_TASK TO CARRY OUT:_
Return nothing but the lines from the one containing "A modern kitchen" through the end of the records below, exactly as they stand and without pictures.

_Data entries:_
□ □ □ □ □

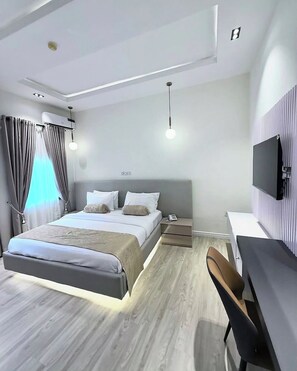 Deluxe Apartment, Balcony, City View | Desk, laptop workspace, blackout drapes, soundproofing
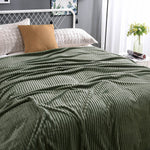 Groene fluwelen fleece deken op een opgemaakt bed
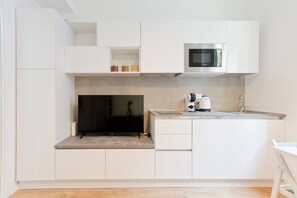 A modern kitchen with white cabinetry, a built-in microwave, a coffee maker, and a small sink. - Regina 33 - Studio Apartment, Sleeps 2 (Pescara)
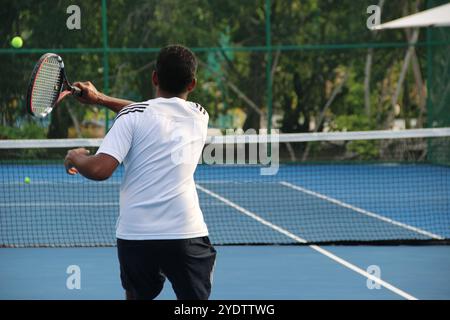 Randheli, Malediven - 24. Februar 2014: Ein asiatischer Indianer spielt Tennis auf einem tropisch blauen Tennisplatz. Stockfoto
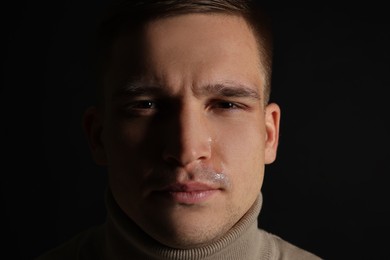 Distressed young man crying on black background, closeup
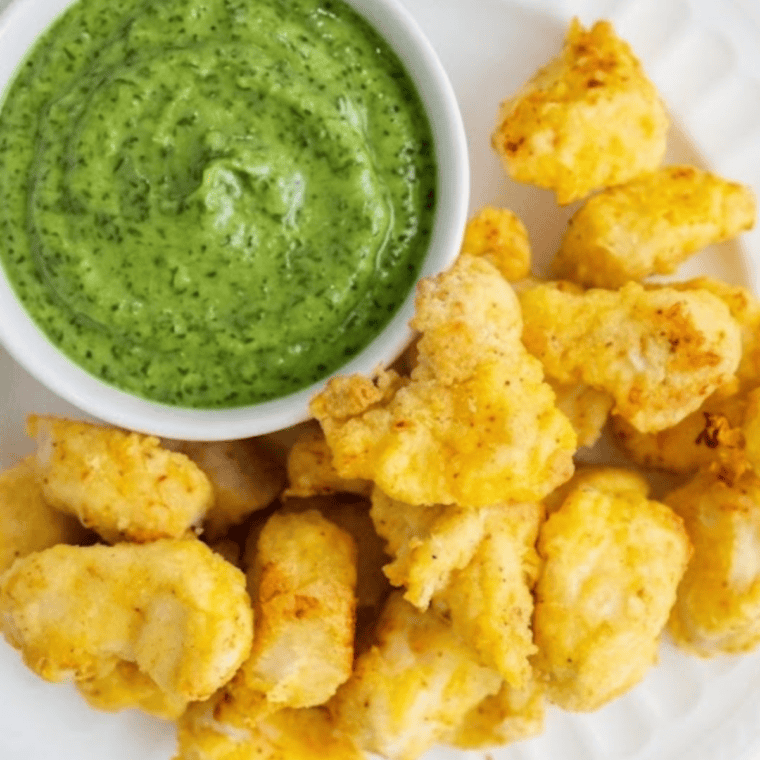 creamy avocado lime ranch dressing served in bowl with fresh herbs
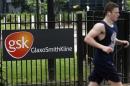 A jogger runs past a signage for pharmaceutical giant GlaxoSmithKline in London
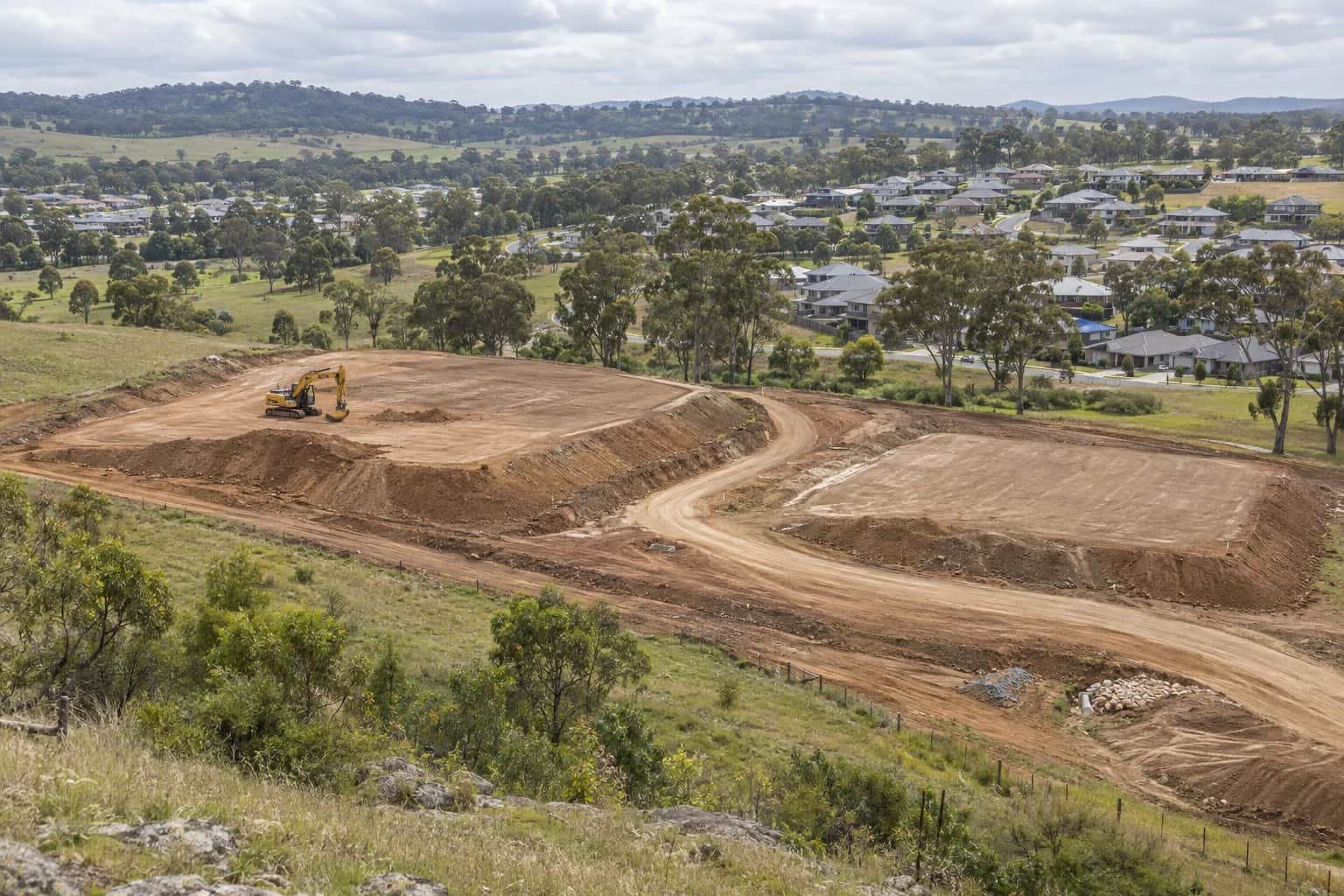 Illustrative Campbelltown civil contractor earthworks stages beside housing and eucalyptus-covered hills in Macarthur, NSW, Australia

□ □ □ □ □

_YOUR RESPONSE:_
 A modern kitchen with white cabinetry, a built-in microwave, a coffee maker, and a small sink. - Regina 33 - Studio Apartment, Sleeps 2 (Pescara)
 Randheli, Malediven - 24. Februar 2014: Ein asiatischer Indianer spielt Tennis auf einem tropisch blauen Tennisplatz. Stockfoto
 Distressed young man crying on black background, closeup
 creamy avocado lime ranch dressing served in bowl with fresh herbs
 A jogger runs past a signage for pharmaceutical giant GlaxoSmithKline in London
 Illustrative Campbelltown civil contractor earthworks stages beside housing and eucalyptus-covered hills in Macarthur, NSW, Australia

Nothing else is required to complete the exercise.